Mack Williams: Evening silhouette reverie

Published 12:00 am Sunday, March 17, 2019

 

Mack Williams

Just the other night, I arrived at the home of my son for a visit, but they had stepped out to the store and would be back shortly. As I didn’t have a key, I waited in my car for their arrival, and it being just past sunset, through my car’s “picture window” (windshield), I got a rare chance to just sit and gradually observe the sky change from deep blue, to gray, to black, something I hadn’t had a chance to just leisurely sit and do since I was a little boy on my front porch on the Old Concord Road.

This “lack of a door key,” was, itself, a “key” to an earlier, slower-paced time in my childhood.

From my vantage point, as the twilight began to fade, objects in 3-D seemed to lose a dimension to become flat silhouettes against the sky, as flat as those “classical” ones of “George” and “Martha” at Mount Vernon, but some a bit “wildly romantic” like those of conductor-composer Gustav Mahler, with his shock of unwieldy hair, and wielded baton.

Just then, I dodged the flying silhouette of an early Spring mosquito passing just in front of my nose. Unlike other silhouettes, this was a “silhouette with a sting,” no matter how beautifully gracile its black, winged form (I thought back to tiny images of distant birds I had seen flying in silhouette across the face of the moon when observing with my telescope).

The silhouettes of nearby tree branches looked like giant, random, rhyme-less spider webs, seemingly constructed by some monstrous variety of spider with no knowledge of Euclid. Nodular pine needle clumps in silhouette looked like huge motionless spiders, making me think of those long dead arachnids I had seen in outbuildings, and especially within the old granite garage of my boyhood home back on the Old Concord Road. Following death, those spiders lasted in their webs for years, tucked away from the elements in that “granite tomb,” their eight-legged “husks” still whole enough in death to frighten me.

That “spidery” look also brought back other childhood memories of my old back yard, a shadowy place suitable for fungi (but not as “poetic” a variety as that of H.P. Lovecraft’s “Fungi from Yuggoth”(1943)). In that subdued daylight grew “star fungus” here and there on the ground; but their eight petals made them look more like spiders than stars to me. When stepped on, their puffballs exploded, emitting a musty-smelling black “smoke,” looking like breathable pestilence, making me hold my breath and quickly move on. These fungal “creatures” were already in a natural, daytime, botanically dark “silhouette” color, without any tricks of light and shadow caused by the setting sun.

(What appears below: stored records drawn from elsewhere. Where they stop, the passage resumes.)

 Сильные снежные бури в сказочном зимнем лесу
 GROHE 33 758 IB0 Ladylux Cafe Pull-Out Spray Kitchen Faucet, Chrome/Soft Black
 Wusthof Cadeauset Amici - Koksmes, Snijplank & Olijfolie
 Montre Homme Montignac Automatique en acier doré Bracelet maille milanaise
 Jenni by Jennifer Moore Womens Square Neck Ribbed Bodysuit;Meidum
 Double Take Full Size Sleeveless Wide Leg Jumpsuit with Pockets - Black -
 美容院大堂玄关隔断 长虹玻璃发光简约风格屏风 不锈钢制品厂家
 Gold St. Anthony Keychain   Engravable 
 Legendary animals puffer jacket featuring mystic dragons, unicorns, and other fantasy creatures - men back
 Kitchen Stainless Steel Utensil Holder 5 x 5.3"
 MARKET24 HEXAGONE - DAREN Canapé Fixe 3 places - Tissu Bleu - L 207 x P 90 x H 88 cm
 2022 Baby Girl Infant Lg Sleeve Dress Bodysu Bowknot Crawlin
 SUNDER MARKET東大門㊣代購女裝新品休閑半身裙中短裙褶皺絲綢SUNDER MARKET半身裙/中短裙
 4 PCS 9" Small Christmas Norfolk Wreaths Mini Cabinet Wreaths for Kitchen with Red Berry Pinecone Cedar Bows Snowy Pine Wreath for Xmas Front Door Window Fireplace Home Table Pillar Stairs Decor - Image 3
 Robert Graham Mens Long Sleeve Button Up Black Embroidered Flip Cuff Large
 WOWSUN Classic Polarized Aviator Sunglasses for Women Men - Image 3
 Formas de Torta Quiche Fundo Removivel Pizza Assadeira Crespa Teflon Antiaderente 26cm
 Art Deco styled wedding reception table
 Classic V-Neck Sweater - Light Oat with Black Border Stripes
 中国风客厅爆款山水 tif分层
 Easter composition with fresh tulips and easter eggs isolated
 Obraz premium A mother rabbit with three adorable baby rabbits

Gosh, it just now occurs to me that I’ve managed to include Gustav Mahler and H.P. Lovecraft in the same column. This could he hazardous!

Those silhouetted branches also made me think of x-ray pictures of clogged arteries to be opened up with an angioplasty probe; but unlike those decades-old blood-filled passages of ours, these “botanical arteries” have a complete Winter rest in which they do absolutely nothing, becoming a little “like new” again in the Spring.

And some minutes before my son and daughter-in-law arrived back home, those myriad silhouettes of “spiders,” “webs,” “arteries,” and the sky spaces between them had joined together to become the whole, “uncut” silhouette of night.